LISTED RECORDS -
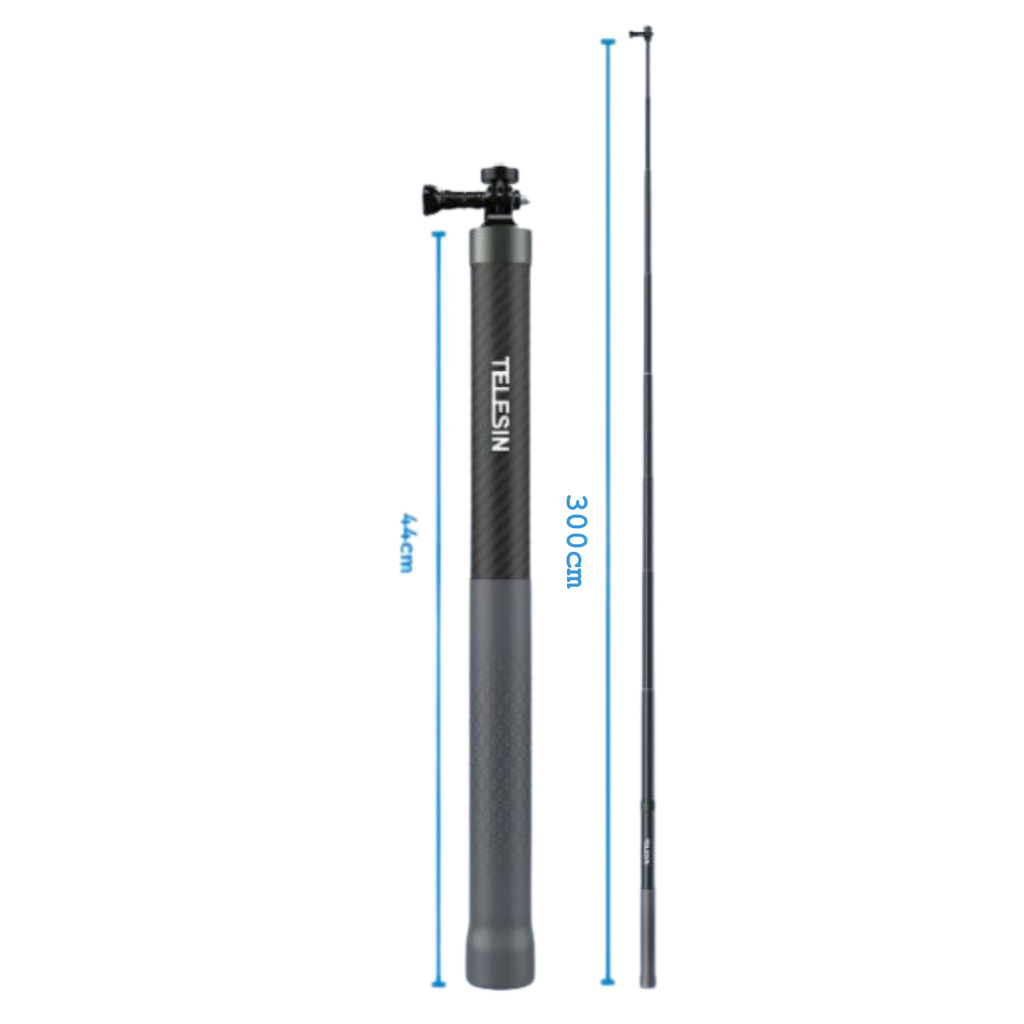 Gậy 3M Telesin Carbon fiber tàng hình dành cho Insta360 , Actioncam, Gopro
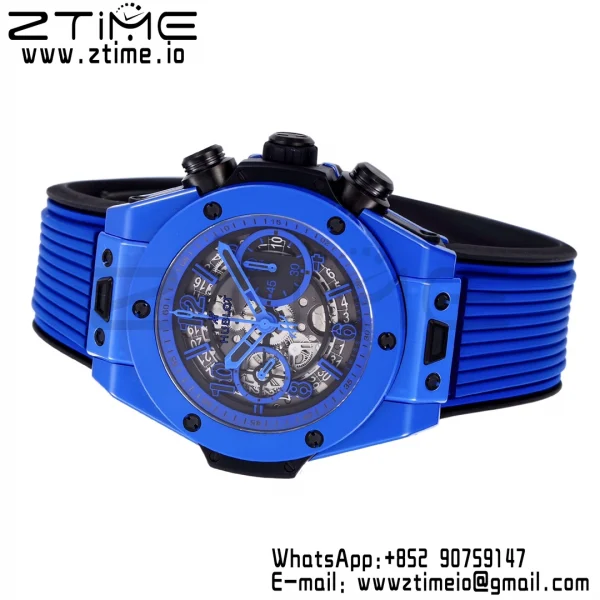 Hublot Big Bang Unico 441.ES.5119.RX Blue Ceramic BBF 1:1 Best Edition Skeleton Dial pe curea de cauciuc albastru A1280 - Super Clone Watch | 1:1 Best Version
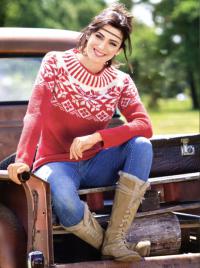 Как связать спицами пуловер с норвежским узором в бело-красной гамме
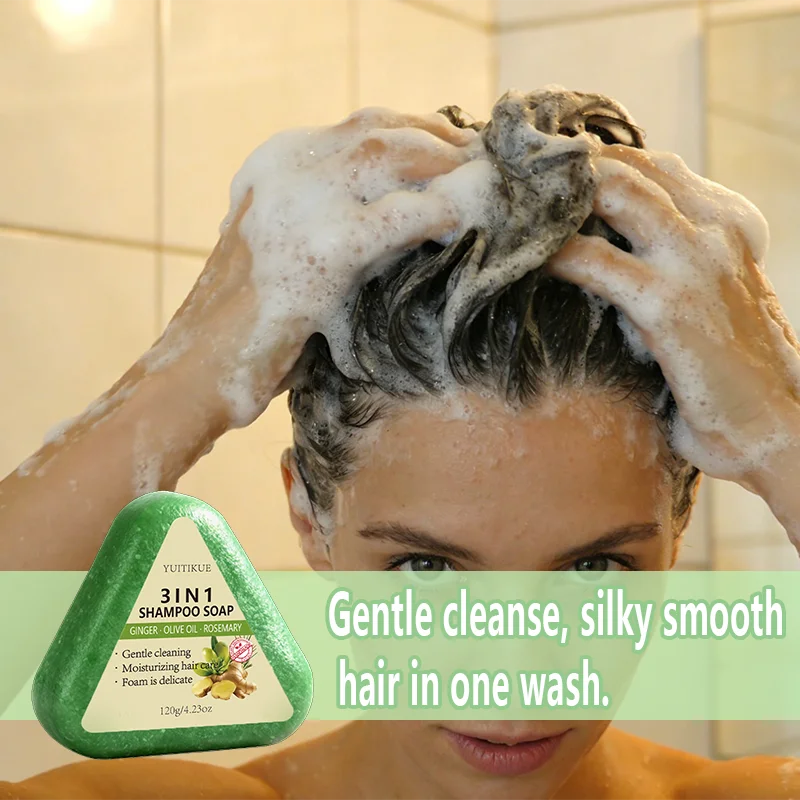 YUITIKUE Ginger 3IN1 Shampoo Bar - Moisturize Hair, Delicate Foam, Natural Care for Shiny Healthy Hair 120g Oasis Select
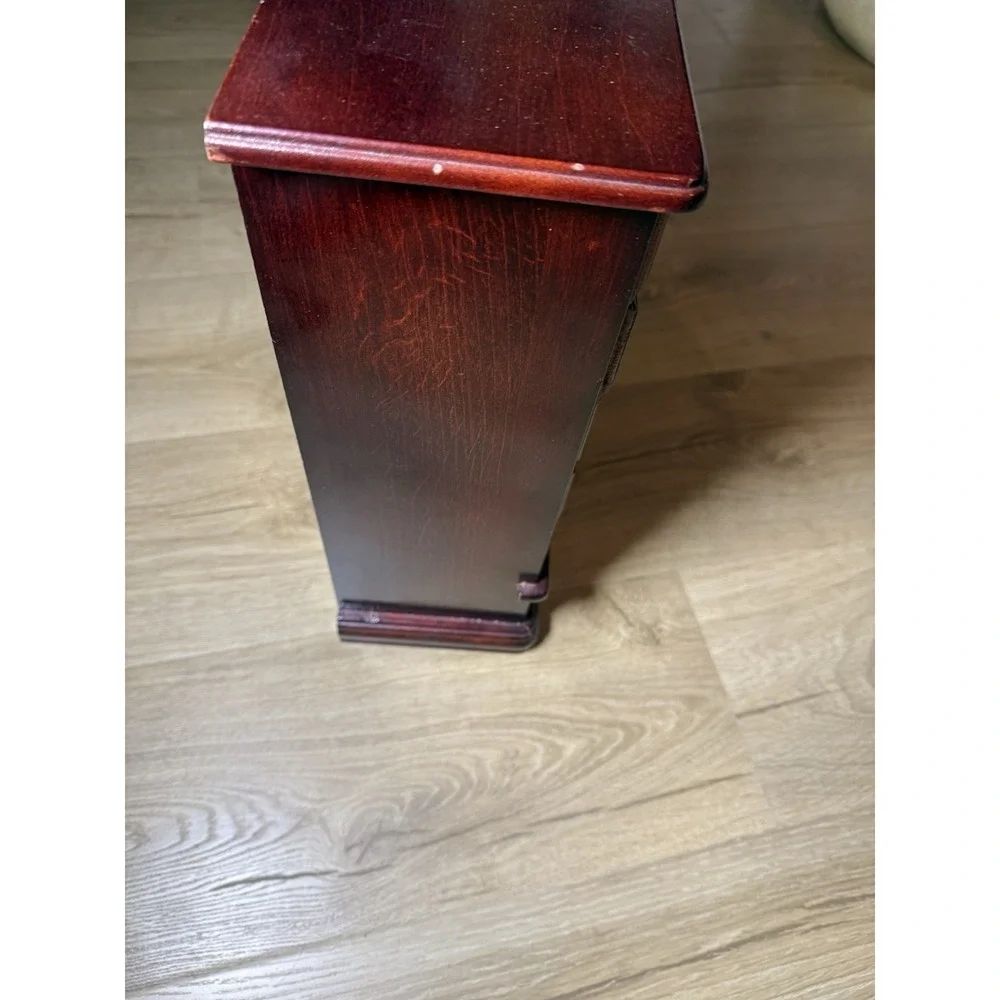 Tabletop Mahogany Jewelry Armoire Box Storage Chest Etched Glass Door 6 Drawers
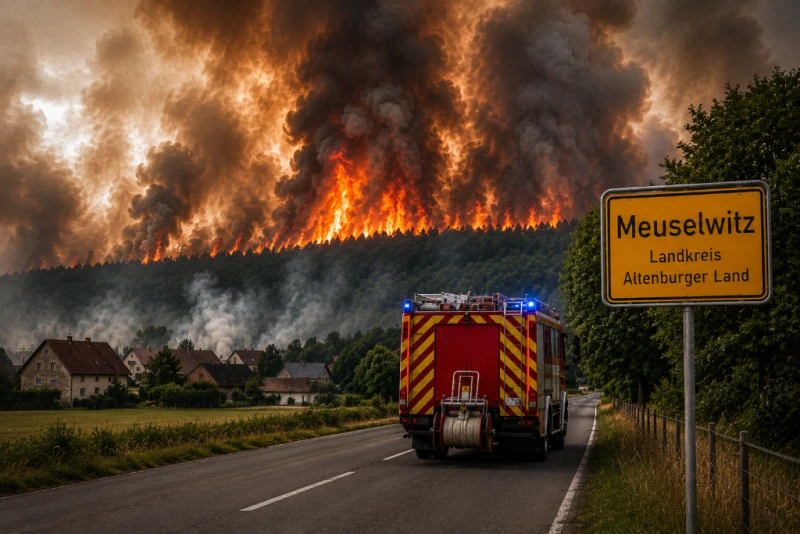 Feuerwehr bei Großbrand nahe Mumsdorf im Dauereinsatz | Bild wurde mit KI generiert und dient lediglich zur Veranschaulichung.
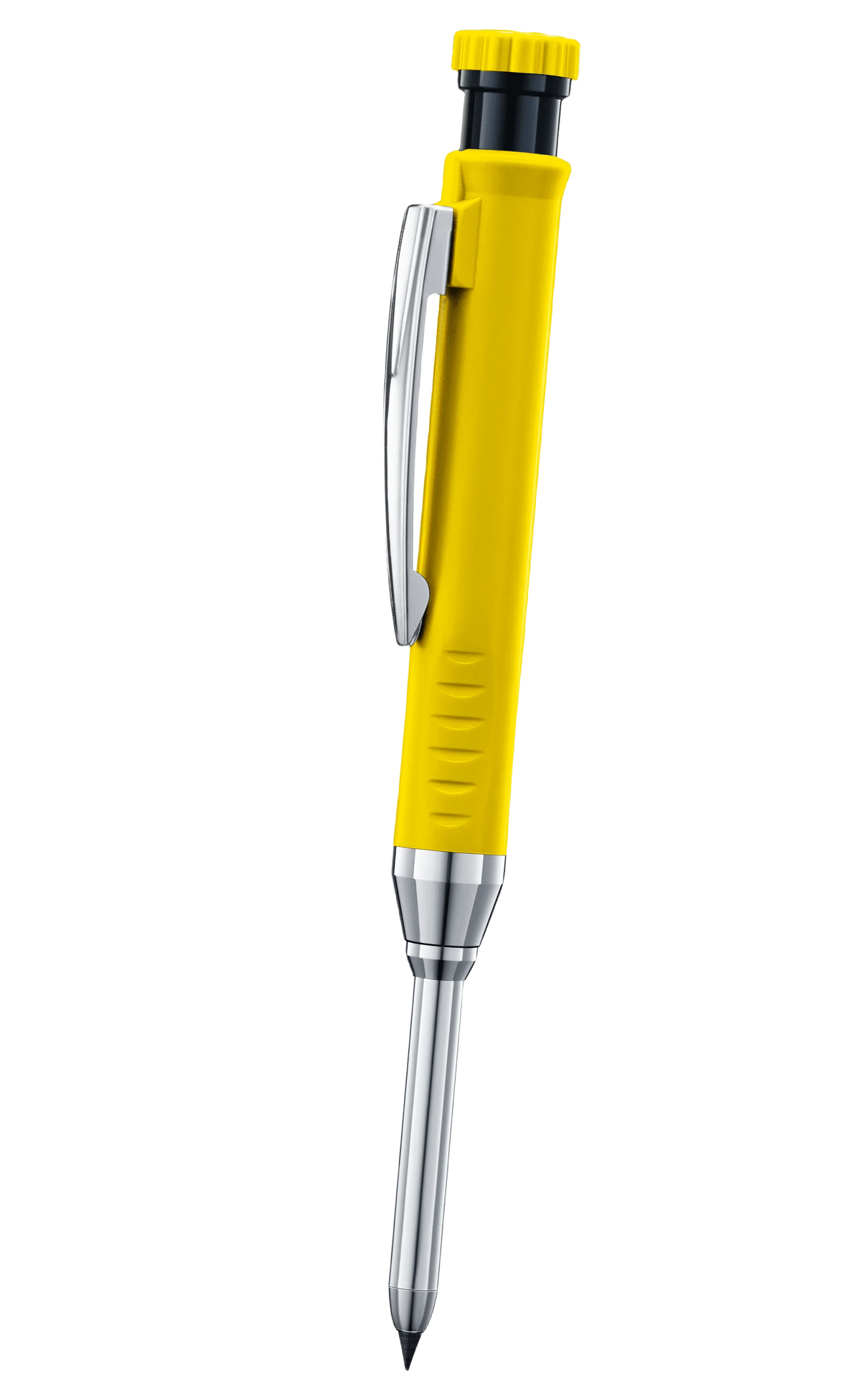 A yellow solid wood carpenter's mechanical pencil with a silver clip and metal tip.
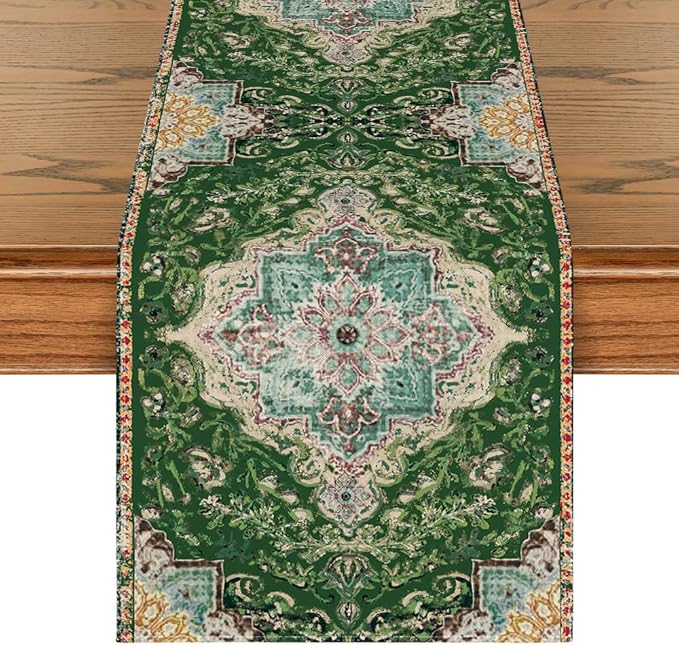 Artoid Mode Boho Bohemia Style Green Table Runner, Country Rustic Farmhouse by ArtoidMode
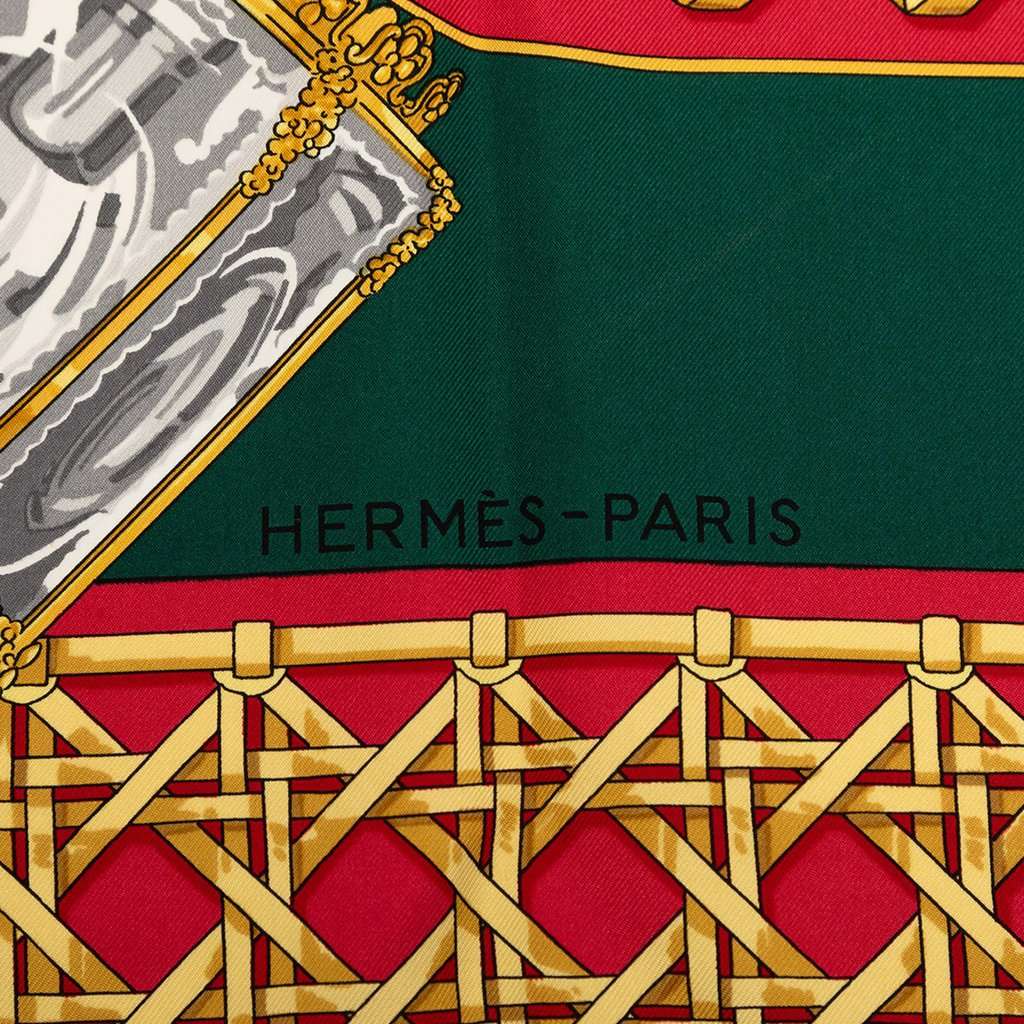 Hermès Feux de Route Silk Scarf 90 Green Very good condition - Inside View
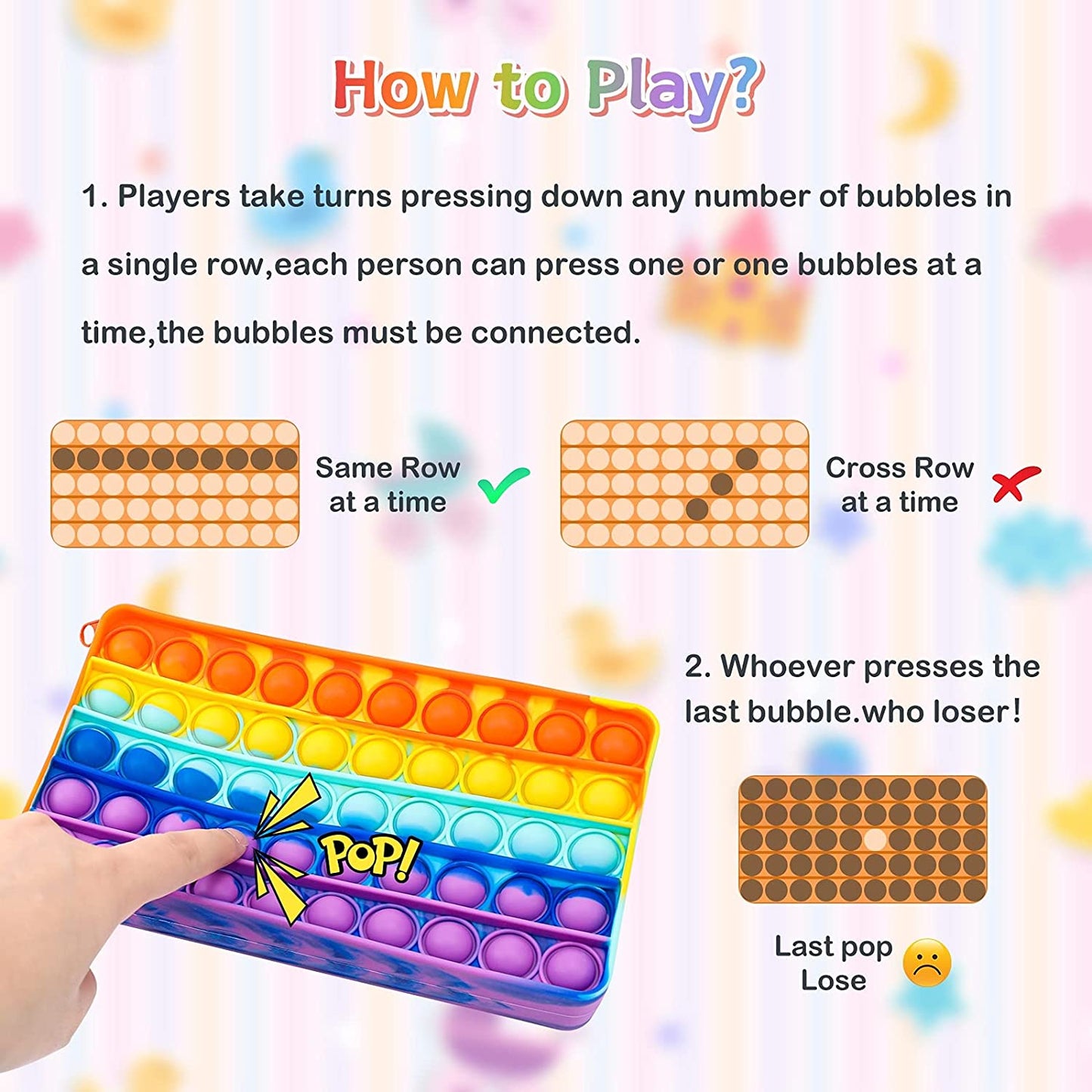 Push Pop Bubble  - Pencil Case  Storage Stress Reliever Sensory Toy – Anti-Anxiety Bubble Game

WORK TASK -
Please write out the lines above, beginning at the line with "Feuerwehr bei Großbrand" and ending at the last line of the records, exactly as they appear and without pictures.

SOLUTION TO THIS PROBLEM -
 Feuerwehr bei Großbrand nahe Mumsdorf im Dauereinsatz | Bild wurde mit KI generiert und dient lediglich zur Veranschaulichung.
 A yellow solid wood carpenter's mechanical pencil with a silver clip and metal tip.
 Artoid Mode Boho Bohemia Style Green Table Runner, Country Rustic Farmhouse by ArtoidMode
 Hermès Feux de Route Silk Scarf 90 Green Very good condition - Inside View
 Push Pop Bubble  - Pencil Case  Storage Stress Reliever Sensory Toy – Anti-Anxiety Bubble Game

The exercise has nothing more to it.